-- Entries supplied --
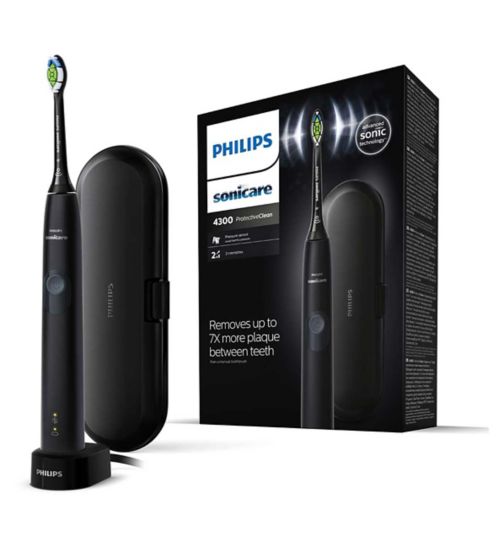 Philips Sonicare ProtectiveClean 4300 Electric Toothbrush with Travel Case – Black HX6800/87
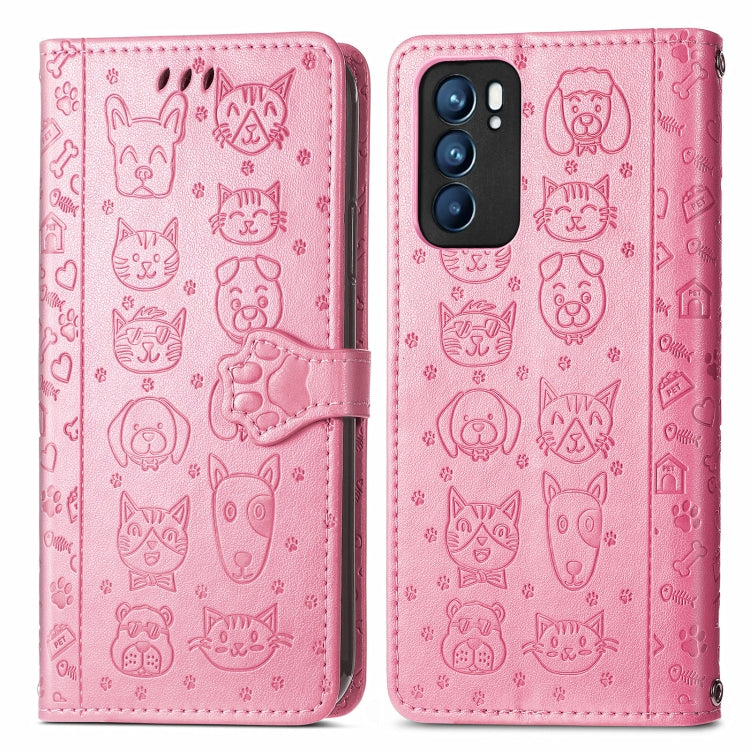 Cute Cat and Dog Embossed Horizontal Flip Leather Case with Holder & Card Slots & Wallet & Lanyard, For OPPO Reno6 5G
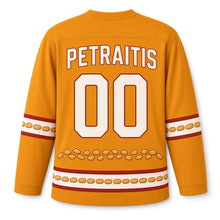 Load image into Gallery viewer, Lithuania Amber Road Original Hockey Jersey in Amber Honey, back view with your name and number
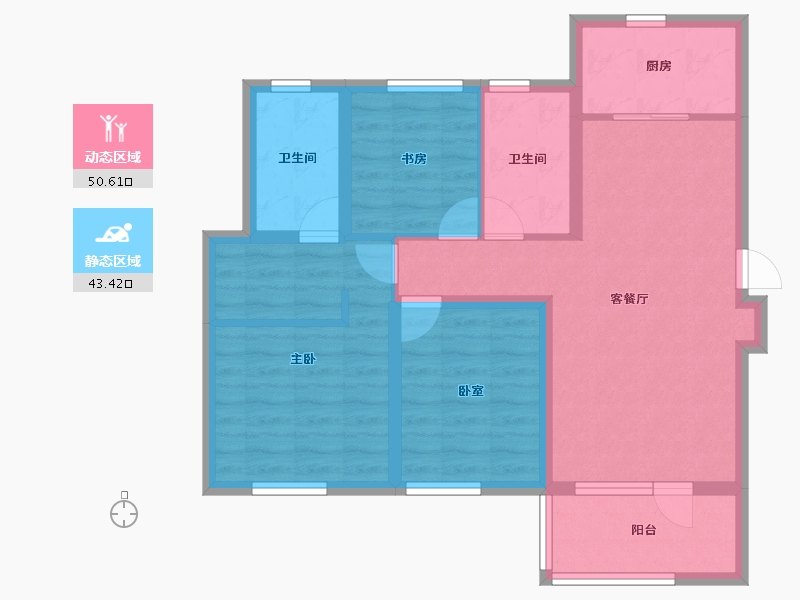 山东省-青岛市-腾讯双创小镇(人才公寓)-83.16-户型库-动静分区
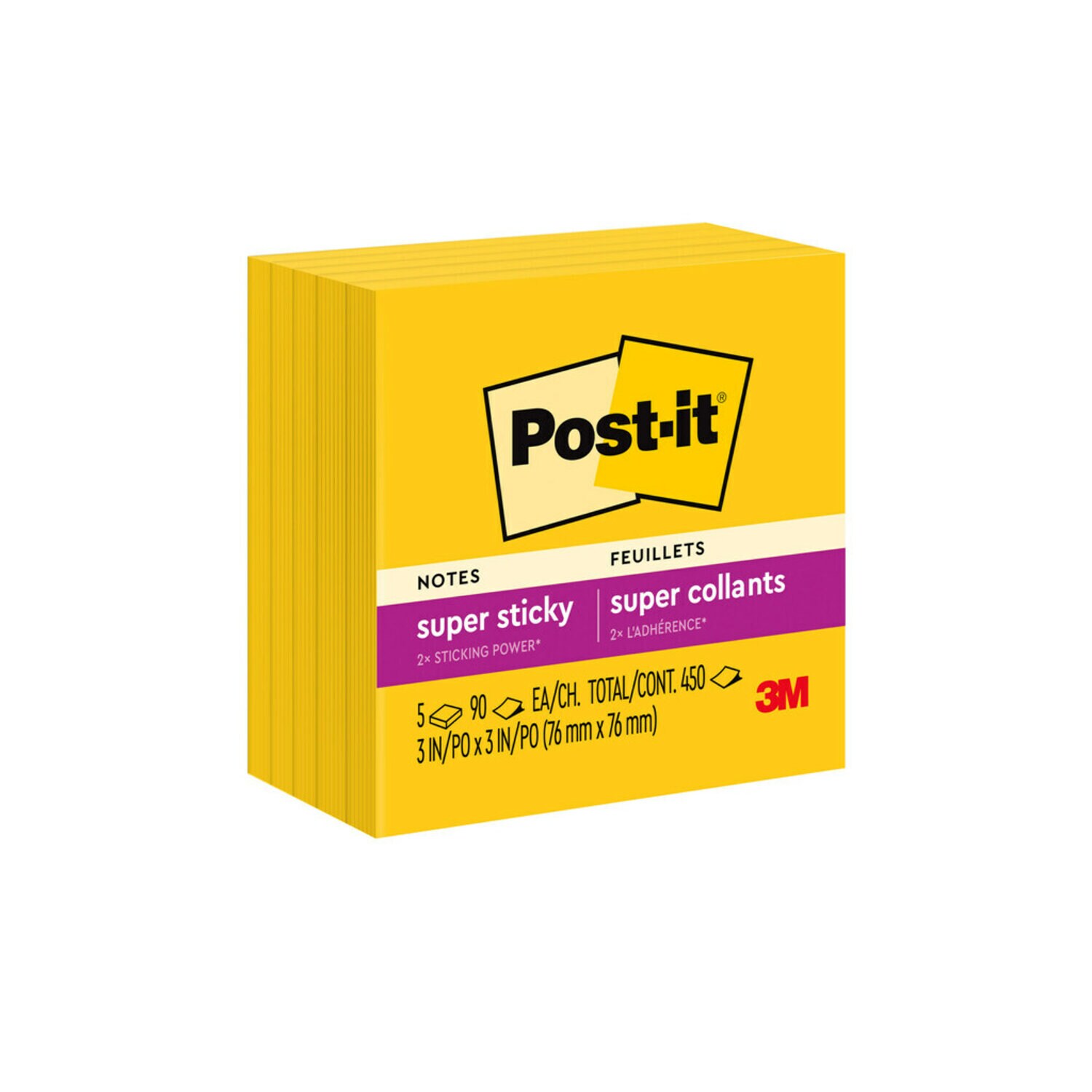 7100230193 - Post-it Notes 654-5SSY, 3 in x 3 in, 100% PEFC, SGSCH-PEFC-COC-110078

-- Task statement --
Copy the records above exactly. Do not carry any picture into the copy.

-- Completed task --
 Philips Sonicare ProtectiveClean 4300 Electric Toothbrush with Travel Case – Black HX6800/87
 Cute Cat and Dog Embossed Horizontal Flip Leather Case with Holder & Card Slots & Wallet & Lanyard, For OPPO Reno6 5G
 Load image into Gallery viewer, Lithuania Amber Road Original Hockey Jersey in Amber Honey, back view with your name and number
 山东省-青岛市-腾讯双创小镇(人才公寓)-83.16-户型库-动静分区
 7100230193 - Post-it Notes 654-5SSY, 3 in x 3 in, 100% PEFC, SGSCH-PEFC-COC-110078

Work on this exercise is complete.